Никто его не услышал.
— Что же вы предлагаете? — бросил Генри.
Уинстэнли поднял голову, морщины на его лбу разгладились. Глядя вдаль на просветлевшее над горизонтом небо и будто не видя никого вокруг, он заговорил:
— Пока ждать. Господь сам просветит нас. А свобода? Мы можем быть посажены в клетку — и все же остаться свободными. Мы можем жить в хоромах, услаждать свои вожделения, делать все, что пожелаем, — и оставаться рабами своих страстей. Истинная любовь — это свобода от собственного себялюбия.

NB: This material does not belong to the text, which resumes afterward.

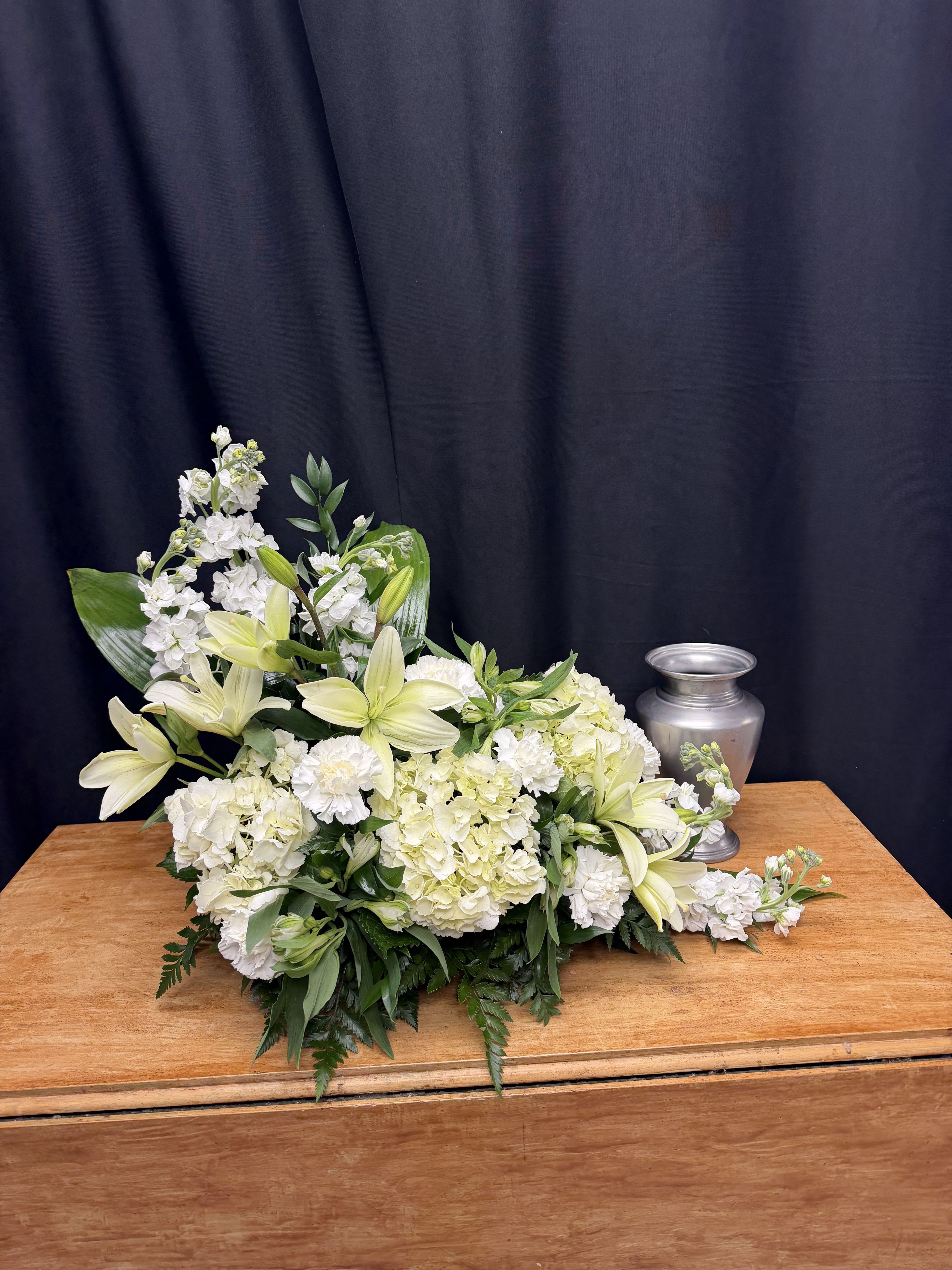 Quiet Grace - Quiet Grace is a refined and elegant cremation tribute designed in a serene palette of soft whites and gentle greens. Featuring graceful lilies, lush white hydrangea, delicate stock, and textured chrysanthemums accented with fresh greenery, this design creates a peaceful and dignified tribute.  The natural, flowing composition offers softness and movement while maintaining a classic silhouette appropriate for traditional services. Quiet Grace symbolizes purity, remembrance, and everlasting peace — a beautiful expression of honor for a life deeply loved and gently remembered.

Обретя ее, мы обретем и новый совершенный мир…
Дождь перестал, вечерняя желтоватая полоска проступила сквозь облака на западе. Генри почудилось, что он вот-вот поймет что-то очень важное, о чем не задумывался прежде. Но это «что-то» не давалось, ускользало.
— Генри, а сам ты куда? — спросила Элизабет.
Он встрепенулся:
— Я на юг еду. Гонцом от самого… С бумагой. — Он важно похлопал себя по груди, взглянул исподлобья на Уинстэнли. — На остров Уайт. Джон, чтобы никому, слышишь? Там неспокойно. Раскрыт заговор. А комендантом там — мистер Хэммонд, кузен Кромвеля. Я везу ему письмо.
— От самого Кромвеля? Ух ты!
Генри в ответ надвинул шляпу на нос брата. Заступничество отца и нынешние милости Кромвеля царапали ему совесть. Он будто предал кого-то. Кого? Дика Арнольда? Капитана Брея, капрала? Но и они все, кроме Дика, сейчас на свободе, и они в фаворе. Времена меняются. Он посуровел:
— Неспокойно в стране. В Уэльсе восстание: поднялись кавалеры, того и гляди туда подойдет флот принца Уэльского. В Лондоне заговоры. Шотландцы стягивают войска к границе.
Он подтянул перевязь, поправил пистолет за поясом, свистнул, подзывая коня.
— Я поеду. Вы в городе не говорите, что меня встретили. Чтоб разговоров лишних не было…
Он сорвал шляпу и низко поклонился. Потом вскочил в седло, поднял руку, прощаясь, и с места пустил коня в галоп.
Как, отчего, повинуясь какой тайной, неизбывной потребности нашего сердца рождается любовь? И почему мы не вольны в своем избрании? И есть ли законы, познав которые, можно научиться управлять чувствами и заставить свой пульс биться ровно, а речи и поступки подчинять разуму? И откуда нерешительность, и мучительный стыд, бросающий кровь в лицо, и невозможность говорить просто?
Элизабет не знала точно, когда это началось. Может быть, в таверне, когда она увидела его впервые? Или во время разговора с Джоном и Генри, когда она, молчаливая, как и подобает девице в мужских разговорах, всматривалась в его лицо, освещенное неведомой внутренней жизнью? Или в тот момент, когда он остановил на ней внимательные глаза? Глаза были светлые, небольшие. От их прямого взгляда ей стало не по себе.